30 April 2011

From Mr Planner

dont make any plans next saturday im taking you out.

Dear Mr Planner. Thanks for your email. Oh, what a shame, your message arrives 5 minutes too late - I've just made an appointment to have my back, crack and sack waxed. But if you didn't mind meeting a little later, I'd definitely be up for that? Call me... 07814 xxx xxx. Yours, hirsutely

07 April 2011

From Mr Walker

Walking on road i imagine your sexy strut causing drivers to lose their attention....
I like

Dear Mr Walker. Thanks for your email. It's true, my stride is a real traffic stopper. However, that normally tends to happen when my false leg gets caught on the kerb and I accidentally leave the limb lying in the road. Having been run over once or twice, the leg  does now lack the full integrity it once had, so a select few say my gait is sexy. However most see it as slightly shambolic. And drivers in East London see it as a speed bump. Yours, limply

From Mr Astute

u not dark but i am

Dear Mr Astute. Thanks for your email. Yes, you are correct, I am not dark, I am white. I am, in fact, the whitest white person in the whole white world. And yes, you are correct, you are dark, because your family originally hail from Africa. I congratulate you in noticing the fundamental difference in the colour of our skins, and wonder exactly of what relevance this observation is? Unless, of course, this is your round-the-houses way of suggesting we duet together on a charity version of Ebony and Ivory, in which case I shall start my vocal warm ups forthwith. Yours, colourblind

From Mr Sex

hello. do u like sex

Dear Mr Sex. Thanks for your message. No, I prefer table tennis. Sorry. Yours, ping pongingly.

From Mr Footie

Fancy meeting up to watch the football?

Dear Mr Footie. Thanks for your email. No, I do not want to watch the football with you, that is what your mates are for, have you not got any mates? Come back to me with a proposition involving eighties chick flicks, a tub of Haagen-Dazs and four litres of cheap Chardonnay and we're still not on. Yours, most definitely offside.

From Mr Generous

i think i will give you some thing 'interesting'

Dear Mr Generous. Thanks for your email. Something 'interesting' eh? How exciting! Let me guess...a round the world yachting ticket? An annual subscription to Basket-weavers Almanac? Chlamydia? Don't answer that...Yours, disinterestedly

From Mr Family Man

Would you say your family is up for a party or are they quite reserved?

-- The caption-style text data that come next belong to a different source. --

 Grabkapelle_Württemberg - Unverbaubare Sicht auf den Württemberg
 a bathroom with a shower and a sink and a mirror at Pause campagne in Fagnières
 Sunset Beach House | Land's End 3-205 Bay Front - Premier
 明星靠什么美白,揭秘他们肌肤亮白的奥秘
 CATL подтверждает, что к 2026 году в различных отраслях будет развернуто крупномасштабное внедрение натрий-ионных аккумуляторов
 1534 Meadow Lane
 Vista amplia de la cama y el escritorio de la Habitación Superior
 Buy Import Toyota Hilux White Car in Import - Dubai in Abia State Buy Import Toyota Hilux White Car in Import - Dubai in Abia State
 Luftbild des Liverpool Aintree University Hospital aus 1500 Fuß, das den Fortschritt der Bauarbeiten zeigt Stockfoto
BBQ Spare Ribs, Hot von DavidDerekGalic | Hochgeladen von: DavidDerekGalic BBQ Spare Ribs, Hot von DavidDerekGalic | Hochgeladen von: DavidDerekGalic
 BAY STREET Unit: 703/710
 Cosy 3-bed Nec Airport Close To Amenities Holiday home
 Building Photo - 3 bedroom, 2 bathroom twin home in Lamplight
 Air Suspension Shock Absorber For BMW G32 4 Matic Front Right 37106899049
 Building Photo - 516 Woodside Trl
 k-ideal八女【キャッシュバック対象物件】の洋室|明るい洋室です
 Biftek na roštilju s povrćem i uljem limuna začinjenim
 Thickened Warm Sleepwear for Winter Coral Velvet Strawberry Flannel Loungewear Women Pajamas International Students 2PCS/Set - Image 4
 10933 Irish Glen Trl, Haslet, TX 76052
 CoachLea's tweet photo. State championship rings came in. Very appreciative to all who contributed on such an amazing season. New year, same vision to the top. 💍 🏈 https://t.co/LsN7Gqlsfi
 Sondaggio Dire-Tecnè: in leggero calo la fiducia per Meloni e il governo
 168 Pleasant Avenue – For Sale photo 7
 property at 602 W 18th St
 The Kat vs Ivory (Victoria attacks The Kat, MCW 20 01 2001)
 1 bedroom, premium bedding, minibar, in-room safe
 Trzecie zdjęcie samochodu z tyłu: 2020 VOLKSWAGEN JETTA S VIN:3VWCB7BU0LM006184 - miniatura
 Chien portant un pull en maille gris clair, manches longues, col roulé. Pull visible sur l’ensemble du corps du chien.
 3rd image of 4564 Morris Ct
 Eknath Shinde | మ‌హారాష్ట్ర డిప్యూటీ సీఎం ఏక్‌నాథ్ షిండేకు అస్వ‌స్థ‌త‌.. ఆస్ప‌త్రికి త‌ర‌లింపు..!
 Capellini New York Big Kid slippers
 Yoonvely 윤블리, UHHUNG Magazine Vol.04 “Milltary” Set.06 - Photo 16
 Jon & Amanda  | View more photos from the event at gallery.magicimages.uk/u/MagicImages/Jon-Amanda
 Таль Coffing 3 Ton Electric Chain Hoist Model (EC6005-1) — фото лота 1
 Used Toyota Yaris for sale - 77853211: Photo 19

Dear Mr Family Man. Thanks for your email. You leave my family out of it, none of them would be interested in someone like you. In fact, come to think of it, neither am I, so go and have a stab at your own family before you come sniffing after mine, you great big pervy relative-wrangler you. Yours, unfamiliarly.

PS. Actually come to think of it, my nan's a bit of a goer, perhaps you should give her a try? She's just had her hips done...

From Mr Claus

Get your coat, you've pulled!

Dear Mr Claus. Thanks for your email. Speaking of pulling, shouldn't you be tending to those reindeer or yours rather than chasing after girls a couple of millienia your junior? Yours, unfestively.

From Mr Exhibitionist

there is no way you are without a man!"? if you are ever at a loose end i say you should get your bum out with me for a fab date?

Dear Mr Exhibitionist. Thanks for your email. Get my bum out on a first date? I would do no such a thing, I'm classy, me. Third date, maybe. And if you play your cards right, by the fifth date I might even get my cock out. Yours, exposingly

From Mr Martian

Hello, I'm Manny the Martian. What's your favourite flavour of bowling ball?

Dear Mr Martian. Thanks for your email. My favourite flavour of bowling ball? Hmm...that's a toughie. Depending on my mood, I either like Arkansas or perpendicular, although I have been known to dabble in handlebar moustache once in a while. What about you? Yours, surreally.